* [Required work]
Every line from the one with "Adidas Ultraboost Light" to the end of the data needs to be copied exactly, and no line before it.

-- Given entries follows --

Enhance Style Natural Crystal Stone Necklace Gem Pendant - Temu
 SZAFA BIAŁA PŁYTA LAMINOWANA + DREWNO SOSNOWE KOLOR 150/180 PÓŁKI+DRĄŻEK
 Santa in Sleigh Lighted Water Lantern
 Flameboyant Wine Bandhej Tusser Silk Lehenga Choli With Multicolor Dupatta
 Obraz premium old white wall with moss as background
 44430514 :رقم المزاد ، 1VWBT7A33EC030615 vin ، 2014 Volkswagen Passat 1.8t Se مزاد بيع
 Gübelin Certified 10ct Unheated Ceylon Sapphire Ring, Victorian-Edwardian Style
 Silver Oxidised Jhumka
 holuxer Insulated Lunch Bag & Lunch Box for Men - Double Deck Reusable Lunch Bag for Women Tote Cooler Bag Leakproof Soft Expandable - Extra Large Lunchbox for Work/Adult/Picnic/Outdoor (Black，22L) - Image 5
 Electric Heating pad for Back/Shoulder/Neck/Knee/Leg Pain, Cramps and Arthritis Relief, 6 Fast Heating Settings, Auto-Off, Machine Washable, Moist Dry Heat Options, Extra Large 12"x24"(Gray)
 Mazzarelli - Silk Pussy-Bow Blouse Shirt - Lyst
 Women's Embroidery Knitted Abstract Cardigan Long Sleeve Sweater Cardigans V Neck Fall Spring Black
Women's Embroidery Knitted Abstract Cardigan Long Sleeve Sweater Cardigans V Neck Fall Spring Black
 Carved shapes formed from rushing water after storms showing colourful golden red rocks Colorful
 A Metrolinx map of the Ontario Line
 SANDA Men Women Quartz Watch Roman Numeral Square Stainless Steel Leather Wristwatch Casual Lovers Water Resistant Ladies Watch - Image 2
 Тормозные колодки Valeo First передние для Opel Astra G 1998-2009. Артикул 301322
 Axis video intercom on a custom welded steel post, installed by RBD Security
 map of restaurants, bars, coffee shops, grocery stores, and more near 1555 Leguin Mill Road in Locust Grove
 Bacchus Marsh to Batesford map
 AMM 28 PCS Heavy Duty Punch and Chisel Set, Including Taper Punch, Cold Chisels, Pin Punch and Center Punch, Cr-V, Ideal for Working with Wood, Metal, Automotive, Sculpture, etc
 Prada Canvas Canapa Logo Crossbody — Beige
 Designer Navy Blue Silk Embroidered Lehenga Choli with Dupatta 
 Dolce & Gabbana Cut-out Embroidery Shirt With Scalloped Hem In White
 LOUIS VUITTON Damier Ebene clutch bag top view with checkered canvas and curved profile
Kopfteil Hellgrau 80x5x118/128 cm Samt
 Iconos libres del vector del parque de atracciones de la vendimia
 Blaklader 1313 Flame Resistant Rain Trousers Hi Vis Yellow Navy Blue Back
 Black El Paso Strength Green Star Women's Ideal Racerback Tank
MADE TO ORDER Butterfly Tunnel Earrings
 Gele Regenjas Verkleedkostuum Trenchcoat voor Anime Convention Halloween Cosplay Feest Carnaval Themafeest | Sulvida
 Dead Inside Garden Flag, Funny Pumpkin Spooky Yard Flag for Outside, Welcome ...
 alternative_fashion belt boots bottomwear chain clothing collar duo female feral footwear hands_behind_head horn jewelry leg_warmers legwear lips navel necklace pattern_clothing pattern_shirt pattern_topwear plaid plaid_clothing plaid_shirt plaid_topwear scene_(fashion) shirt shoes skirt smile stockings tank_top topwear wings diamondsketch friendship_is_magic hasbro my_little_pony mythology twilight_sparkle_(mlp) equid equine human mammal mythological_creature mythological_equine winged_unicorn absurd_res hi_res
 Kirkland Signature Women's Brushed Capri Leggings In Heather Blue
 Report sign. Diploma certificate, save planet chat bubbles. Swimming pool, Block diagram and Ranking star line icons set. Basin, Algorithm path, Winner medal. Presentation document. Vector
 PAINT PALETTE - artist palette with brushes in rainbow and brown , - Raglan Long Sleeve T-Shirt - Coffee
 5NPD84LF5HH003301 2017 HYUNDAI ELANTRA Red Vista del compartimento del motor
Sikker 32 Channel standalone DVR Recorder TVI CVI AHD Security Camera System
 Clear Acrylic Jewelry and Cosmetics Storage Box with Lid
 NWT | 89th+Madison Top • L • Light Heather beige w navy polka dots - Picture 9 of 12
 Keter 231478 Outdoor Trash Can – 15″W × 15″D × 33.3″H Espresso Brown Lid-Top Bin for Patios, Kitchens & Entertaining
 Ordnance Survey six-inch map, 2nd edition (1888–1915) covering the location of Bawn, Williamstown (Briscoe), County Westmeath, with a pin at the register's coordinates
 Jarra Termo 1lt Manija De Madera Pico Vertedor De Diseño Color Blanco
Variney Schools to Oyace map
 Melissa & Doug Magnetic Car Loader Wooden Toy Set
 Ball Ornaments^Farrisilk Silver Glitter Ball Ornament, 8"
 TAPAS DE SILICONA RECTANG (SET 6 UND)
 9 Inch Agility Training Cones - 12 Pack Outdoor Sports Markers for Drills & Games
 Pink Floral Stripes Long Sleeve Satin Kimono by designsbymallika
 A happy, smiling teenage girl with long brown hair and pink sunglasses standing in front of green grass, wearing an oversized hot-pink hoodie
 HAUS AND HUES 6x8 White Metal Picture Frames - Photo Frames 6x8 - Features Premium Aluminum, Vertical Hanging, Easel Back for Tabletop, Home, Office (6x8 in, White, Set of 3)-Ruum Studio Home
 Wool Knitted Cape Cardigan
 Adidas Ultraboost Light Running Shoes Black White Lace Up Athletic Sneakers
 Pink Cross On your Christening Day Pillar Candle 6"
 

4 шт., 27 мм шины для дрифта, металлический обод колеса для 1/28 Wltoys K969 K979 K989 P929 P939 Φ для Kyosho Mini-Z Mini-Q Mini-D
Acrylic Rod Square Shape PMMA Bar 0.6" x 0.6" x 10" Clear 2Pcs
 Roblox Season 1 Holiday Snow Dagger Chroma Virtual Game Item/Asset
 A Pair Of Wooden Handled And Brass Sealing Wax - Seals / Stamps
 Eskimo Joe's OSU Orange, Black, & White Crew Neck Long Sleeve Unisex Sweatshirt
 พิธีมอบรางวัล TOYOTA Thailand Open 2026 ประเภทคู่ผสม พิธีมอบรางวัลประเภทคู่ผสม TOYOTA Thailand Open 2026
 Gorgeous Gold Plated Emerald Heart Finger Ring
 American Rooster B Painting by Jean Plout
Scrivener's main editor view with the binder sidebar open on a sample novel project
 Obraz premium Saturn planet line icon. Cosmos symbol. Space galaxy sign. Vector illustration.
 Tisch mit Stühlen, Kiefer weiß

-- Given entries concluded --

* [Task answer]
 Adidas Ultraboost Light Running Shoes Black White Lace Up Athletic Sneakers
 Pink Cross On your Christening Day Pillar Candle 6"
 

4 шт., 27 мм шины для дрифта, металлический обод колеса для 1/28 Wltoys K969 K979 K989 P929 P939 Φ для Kyosho Mini-Z Mini-Q Mini-D
Acrylic Rod Square Shape PMMA Bar 0.6" x 0.6" x 10" Clear 2Pcs
 Roblox Season 1 Holiday Snow Dagger Chroma Virtual Game Item/Asset
 A Pair Of Wooden Handled And Brass Sealing Wax - Seals / Stamps
 Eskimo Joe's OSU Orange, Black, & White Crew Neck Long Sleeve Unisex Sweatshirt
 พิธีมอบรางวัล TOYOTA Thailand Open 2026 ประเภทคู่ผสม พิธีมอบรางวัลประเภทคู่ผสม TOYOTA Thailand Open 2026
 Gorgeous Gold Plated Emerald Heart Finger Ring
 American Rooster B Painting by Jean Plout
Scrivener's main editor view with the binder sidebar open on a sample novel project
 Obraz premium Saturn planet line icon. Cosmos symbol. Space galaxy sign. Vector illustration.
 Tisch mit Stühlen, Kiefer weiß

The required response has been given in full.